This weekend, in the gorgeous sunshine and recovering from various birthday parties I read The Book Thief.
It is a beautiful story that just sucked me in. Set in World War Two, it is told by Death himself. (Though I guess it is never said it is a He.) It tells about Liesel a girl who comes to live with her foster parents in 1939 in Molchen Germany. It takes us through the early years of the war and in particular the events that happen in Liesel’s young life.
Death continues to comment on proceedings and puts her story into context as the all-knowing narrator. It really is a simple story, concentrating on a personal tragedy in worldwide chaos.
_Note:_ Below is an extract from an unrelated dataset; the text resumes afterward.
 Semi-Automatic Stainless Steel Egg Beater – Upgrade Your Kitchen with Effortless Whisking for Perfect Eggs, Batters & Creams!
Yet because of it’s angle and the fact that it is such a beautiful story, you almost forget the immense horror this is all set against.
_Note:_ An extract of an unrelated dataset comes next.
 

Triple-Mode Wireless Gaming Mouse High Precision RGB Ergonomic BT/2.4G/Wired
A small part is about a girl who discovers book and discovers words and all the things she can do with them. First there is the struggle that turns into the pleasure of reading and writing. The reading to others, the writing initially for herself but told to us, her story to others.
The power of words.
Some people write for themselves – like I do, despite this public platform I consider it still very much for my own pleasure; some write very much for others… like a girl called Emma. Emma was a very talented girl who I got to know during my theatre course. She seemed fearless and effortless cool in that laid back Canadian way of hers. A natural beauty and a very kind soul. I did not know her very well but I had the pleasure of working with her and seeing her perform. Then of course there was her writing/ her blog, as said by her sister in the eulogy, for others, for us. She shared with us the events in her life spiced with her own sense of humour, and apparently she would often describe a day to her family as The Best Day of Her Life. It was her writing that made me smile on the days that I did not know what to do with my new graduate/unemployed status. I did not comment, but I very much smiled.
I cannot, nor do I want to, claim the intense sadness that her family and close friends must feel even now three years later. Thus I will not give a link to her page, I just wanted to give her a little shout-out: that on the anniversary of her death, she is certainly not forgotten.
As the narrator of The Book Thief states on the first page:
“You are going to die.”
But he/she/it also declares on the last pages:
” [The best souls] rise up and say ‘I know who you are and I am ready. Not that I want to go, of course, but I will come.’ ”
It seems reassuring, but also gives the reason why the best people always seem to go too soon: they might be ready but the souls left behind will have to always miss their inspiring company for the rest of our way.